Annual profits of £14 billion for banking transnational HSBC illustrate once more the spurious nature of David Cameron's claim that "we're all in it together."

Annual profits of £14 billion for banking transnational HSBC illustrate once more the spurious nature of David Cameron's claim that "we're all in it together."

In reality, the scale of profiteering and brazen pay-outs of £8 million to chief executive Stuart Gulliver and million-plus rewards to the company's tiny elite of 239 staff members sum up everything that stinks about the private banking system.

HSBC was not bailed out by the government in the same way as other banks taken under Whitehall's wing to be fattened up until strong enough to be returned to the private sector.

However, it benefited, as did every other bank, from the regime of quantitative easing, being handed interest-free state finance to strengthen their balances and assist further speculation.

The billions of pounds thrown at the banks didn't fall from heaven. They represent the accumulated taxes paid by people in Britain over decades.

Yet the bank management feels no sense of debt towards the government or the people who assisted its ability to profiteer as never before.

Gulliver and his acolytes acknowledge their sole responsibility as being to HSBC shareholders who apparently have the right to enjoy a consistently improving lifestyle in return for their historical investment in the bank.

No such consideration for HSBC employees who are treated as nothing more than figures on a balance sheet to be eradicated without ceremony.

The bank has slashed 41,000 global full-time posts in the past three years, forcing the remaining 254,000 to absorb the work of their colleagues.
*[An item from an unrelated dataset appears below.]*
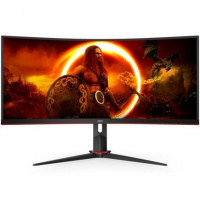 Monitor Gaming Ultraparonámico Curvo AOC CU34G2XP/BK 34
Similar indifference to human suffering is expressed in the bank's decision to bring the staff final-salary pension scheme to an end, causing heartache to workers who won't know how much to expect before negotiating a retirement package with pension providers.

What justification can a company boasting £14bn profits have for axing a decent pension scheme that it can easily afford?

The truth is that it doesn't need to make excuses for such an injustice because its existence is dedicated solely to the piling up of profit, which benefits in the main an infinitesimal section of society.

Labour shadow financial secretary to the Treasury Cathy Jamieson has a case when she suggests implementing a bank bonus tax this year in light of bumper bonuses at Lloyds and Barclays, as well as HSBC.

But as welcome as this would be to many working people outraged at seeing the City elite coining it in while their own pay is held down, it's really tinkering at the edges.

Recent decades have seen a widening of the gulf between rich and poor in Britain, with the wealthy minority creating a financial crisis and the working class expected to pay for it through slashed services, job cuts and reduced pay and benefits.

The gulf has to be narrowed through a systematic reversal of the burden of taxation from bearing most heavily on the working class to targeting the parasitic rich.

A 2 per cent wealth tax on the richest few seeing their assets mushroom during the latest housing boom in London and south-east England could generate £90bn a year.

Windfall taxes should not be restricted to banks. Nor should they be one off.

Indeed given the banks' crooked record of mis-selling insurance, impoverishing small businesses through interest rate swaps and fiddling the Libor rate, there is an increasingly strong case for public ownership in the banking sector.